A Week of Blog Maintenance; a Weekend of FeedBlitz, MailChimp and Bloglovin'

10/02/2016

I've been intending to switch from Feedburner to an alternative RSS distributor for years. I just never had the time until last week when work at work suddenly dried up due to software errors. I found myself with some time off until they get their act together. I was able to fix a bunch of little things on my site that I never got around to before, because any free time I had was spent on blog posts rather than maintenance.

Turns out all I needed was a single week of focus to fix these glaring annoyances:

  1. 1. There was the "masthead," which was 1660px instead of being responsive on an otherwise responsive site. Changing that also seemed to get rid of this weird occurrence where the header and dropdowns moved off screen to the right at one specific size.

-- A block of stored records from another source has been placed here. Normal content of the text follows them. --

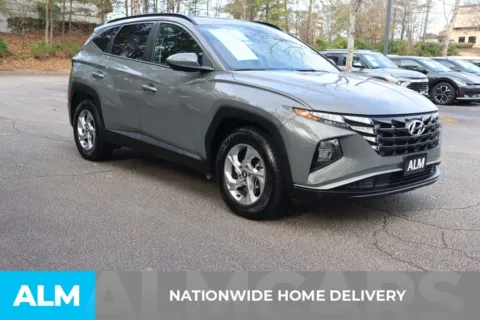 More photos of 2024 Hyundai Tucson SEL at ALM Roswell, GA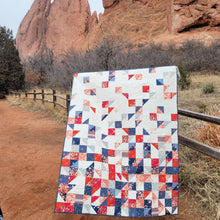 Load image into Gallery viewer, Remnant Quilt - PDF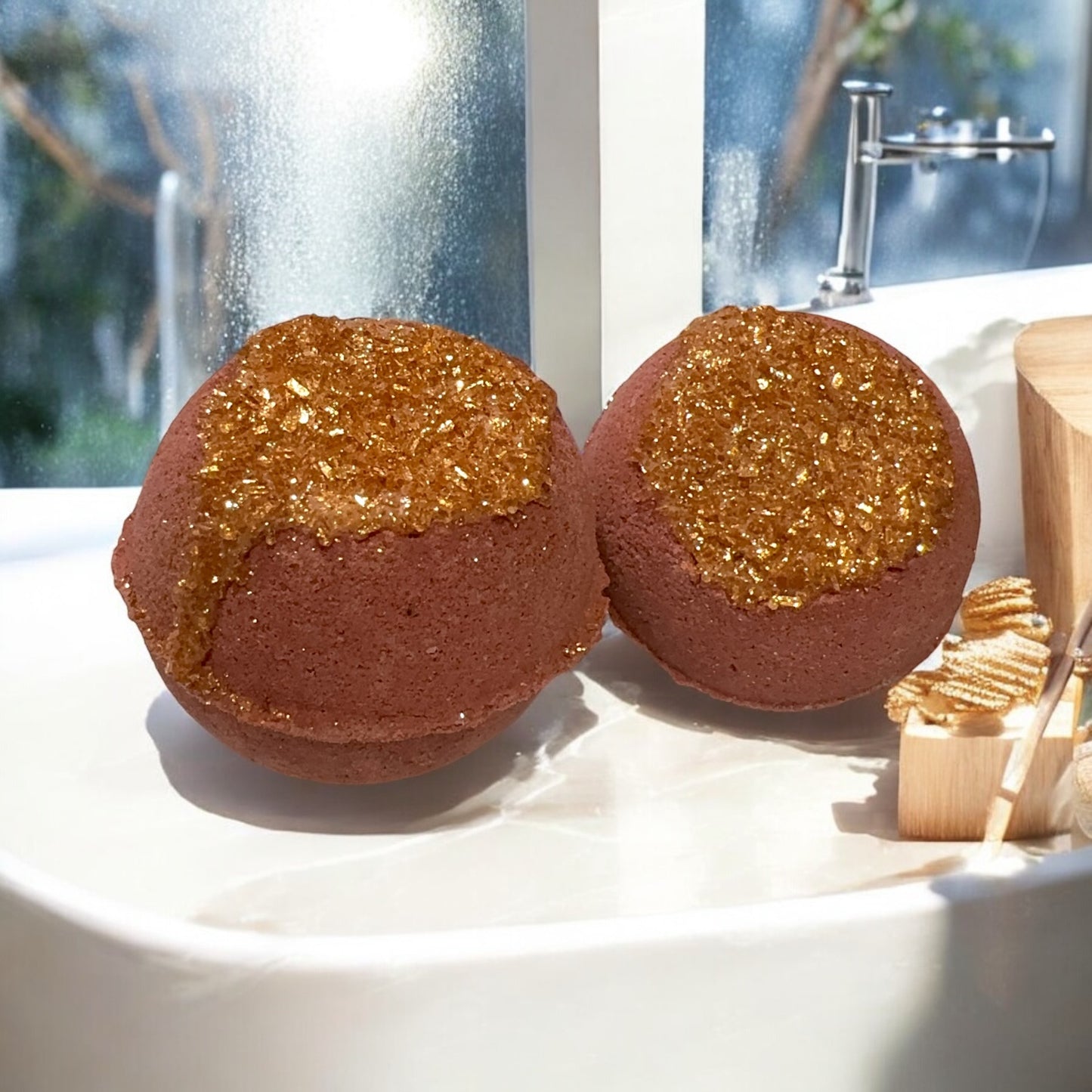 Double Chocolate Delight Bath Bomb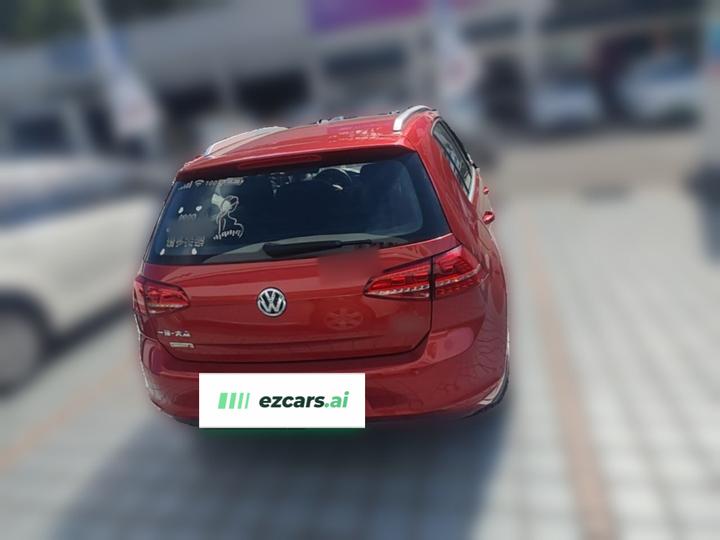 Golf 2015 1.6L AT Comfort photo 5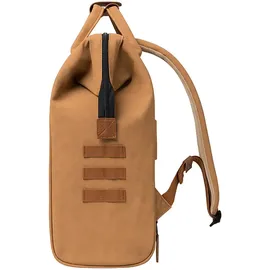 Cabaia Adventurer Vegan Nubuck Backpack L Braun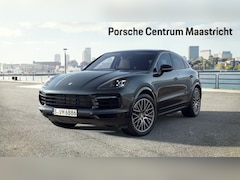 Porsche Cayenne Coupé - E-Hybrid Platinum Edition Cayenne Coupé E-Hybrid Platinum Edition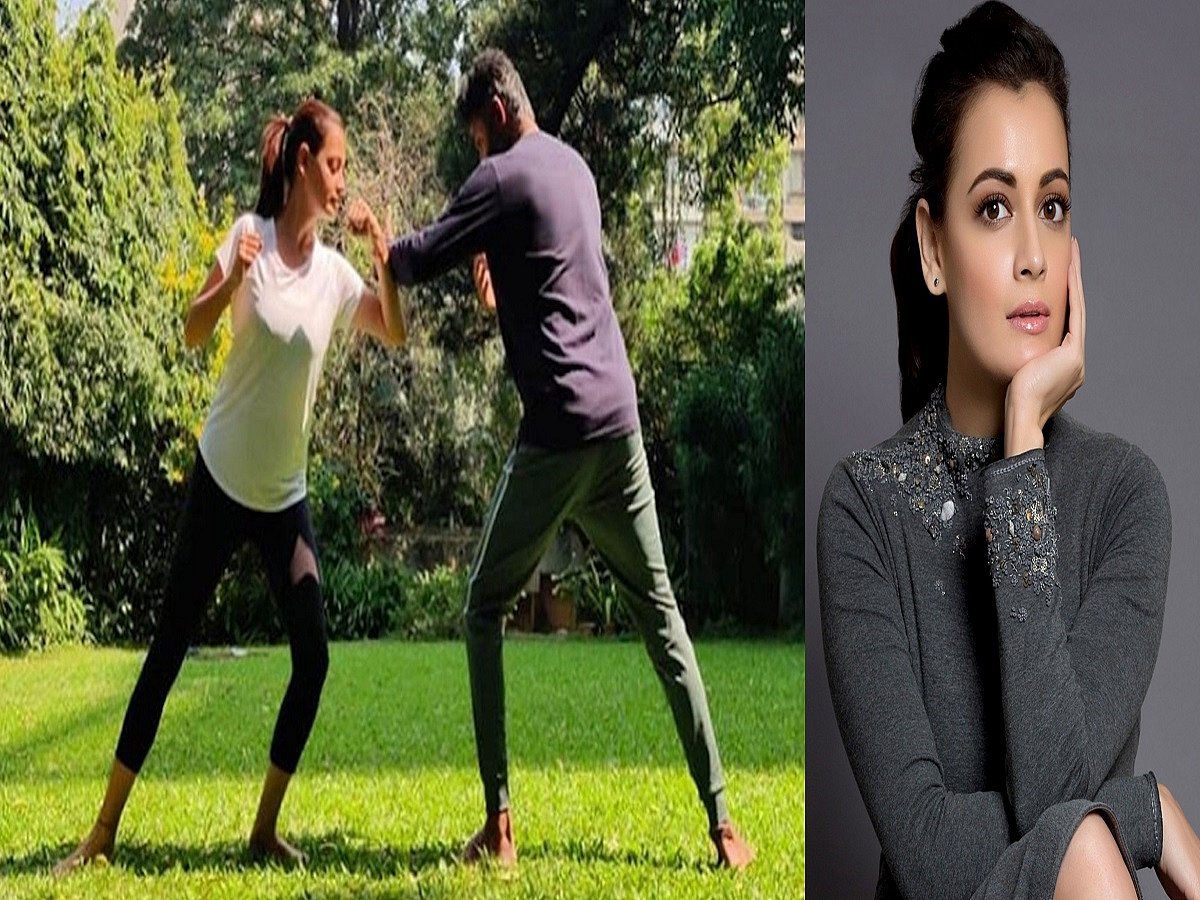 What did our favorite actors do during lockdowns when all shoots came to a halt? Read on to find out!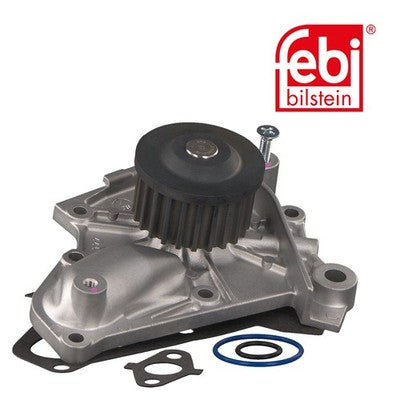 Febi 26280 Water Pump High Performance Durable Fits Toyota RAV4 1996 - 2000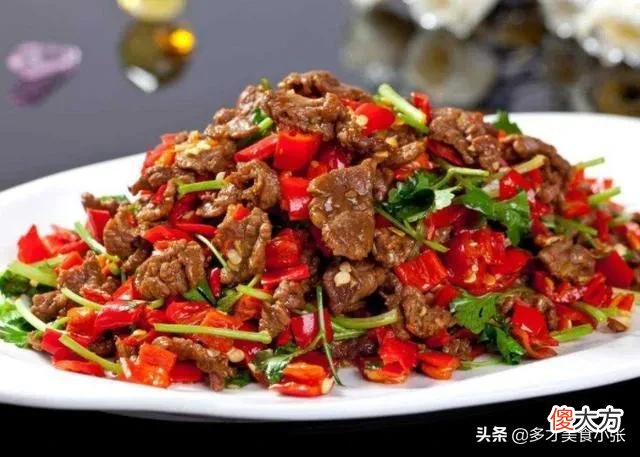 炒牛肉很多人第一部就错了，今天教你几个技巧保证牛肉嫩滑还不老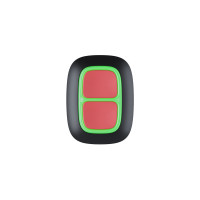 Тревожная кнопка Ajax DoubleButton черная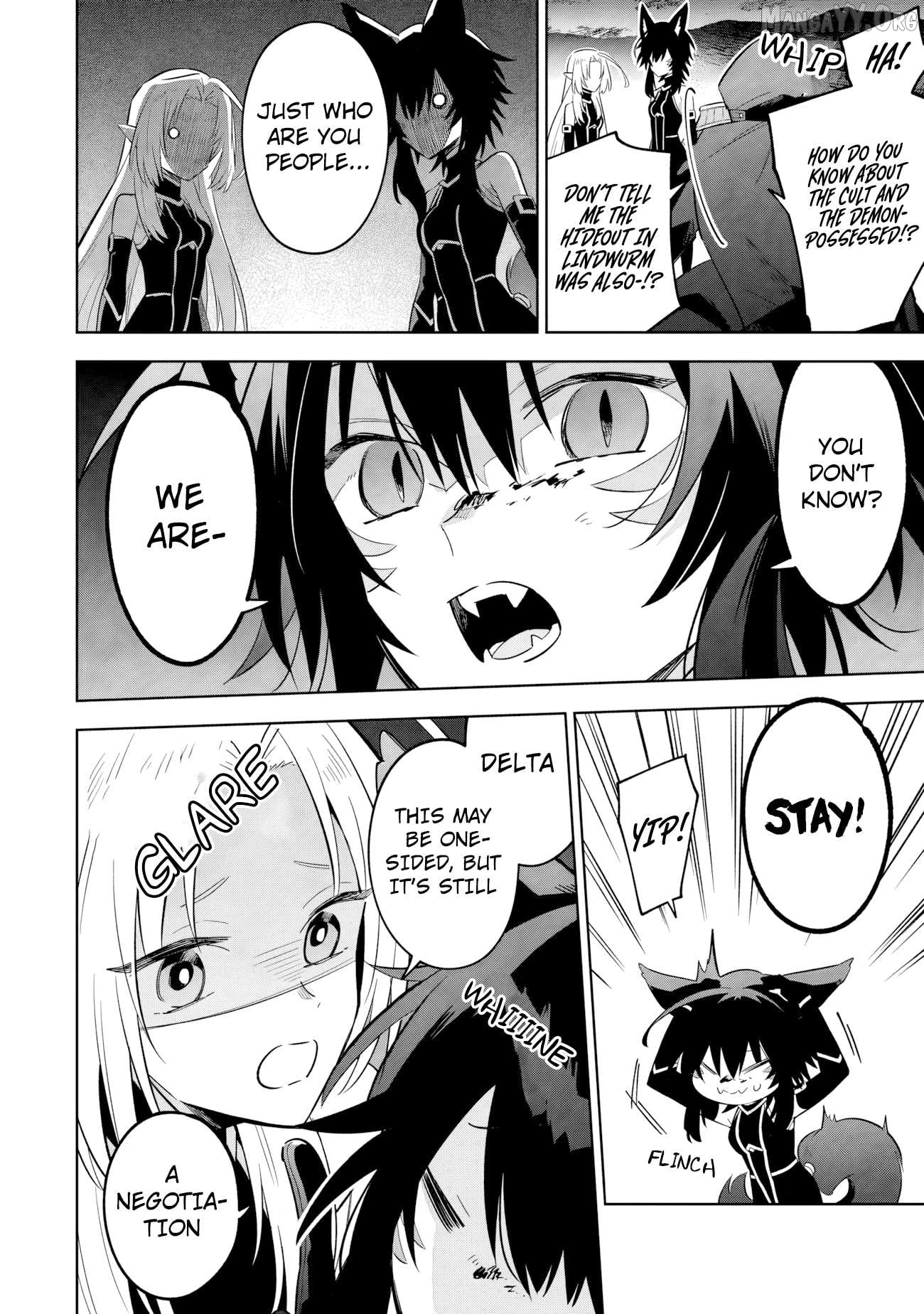 Read Kage no Jitsuryokusha ni Naritakute Shichikage Retsuden EN Manga Online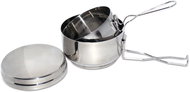TORO 3 Parts, stainless steel - Mess tin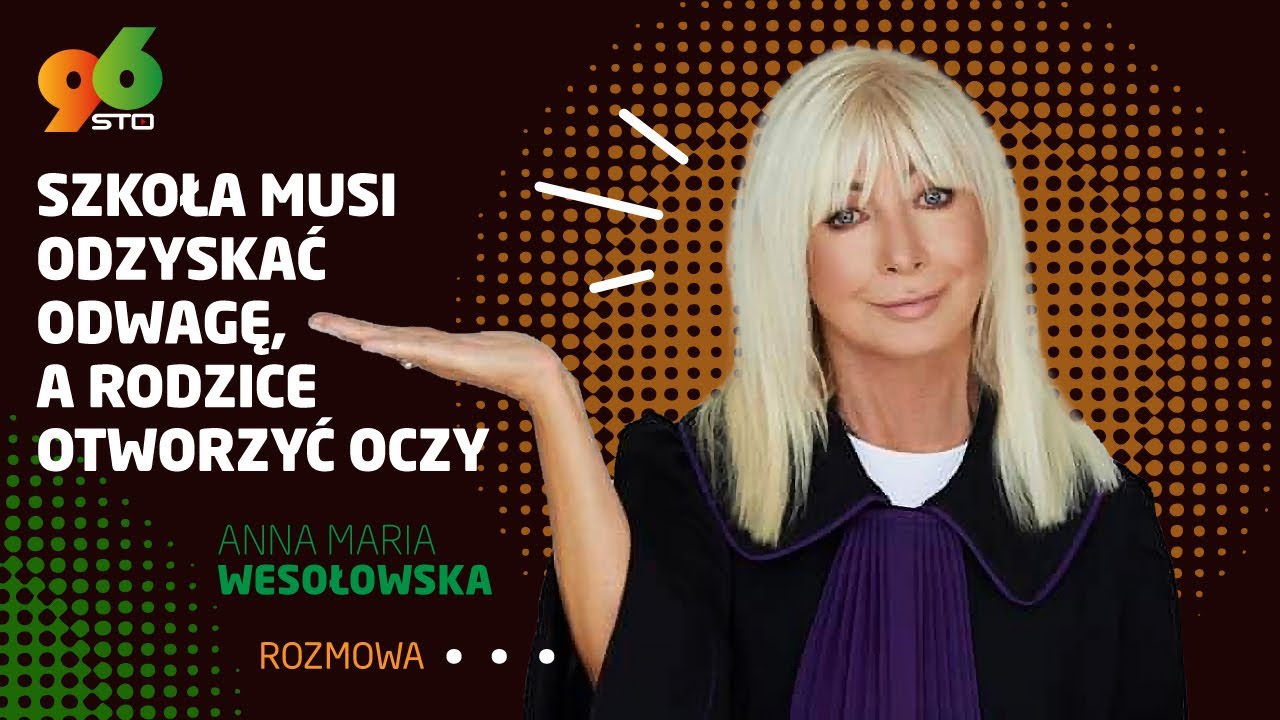 SĘDZIA WESOŁOWSKA: ZABIERZMY DZIECIOM TELEFONY, ZANIM BĘDZIE ZA PÓŹNO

  2. 2. Finally fixed the Excerpts that removed all formatting. When I looked at it, I realized it was also removing all HTML tags so that I couldn't hide divs or spans from the homepage with conditional formatting. Why would I want to hide something from the summary? Because of it, image copyright and any intro text were always the first things people would see. I had twelve posts in the last few weeks that started with these things and, as a result, they all looked the same! It was not very inviting and said really nothing about what was in the actual post, as the excerpts were also short.

  3. 3. Speaking of hiding things from the summary, I can now use Blogger's conditional tags to hide things from the excerpts or from the posts themselves. It was really bugging me why it wouldn't work. I started thinking conditional tags were broken. Then I dug deeper and found the striptags problem I mentioned above. The best example of how I've already used the conditional tags is my previous post, The Last Ship: John Pyper-Ferguson. (Don't click on the link unless you already watched the third season finale.) That post features an image that I added text to that made it a huge spoiler, so I didn't want it appearing on the index. A spoiler warning would have been useless at that point. But with the conditional tag, I was able to hide the image and use the non-spoiler version of it on the index. I also hid the regular image in the post, because I don't need two of the same pics there.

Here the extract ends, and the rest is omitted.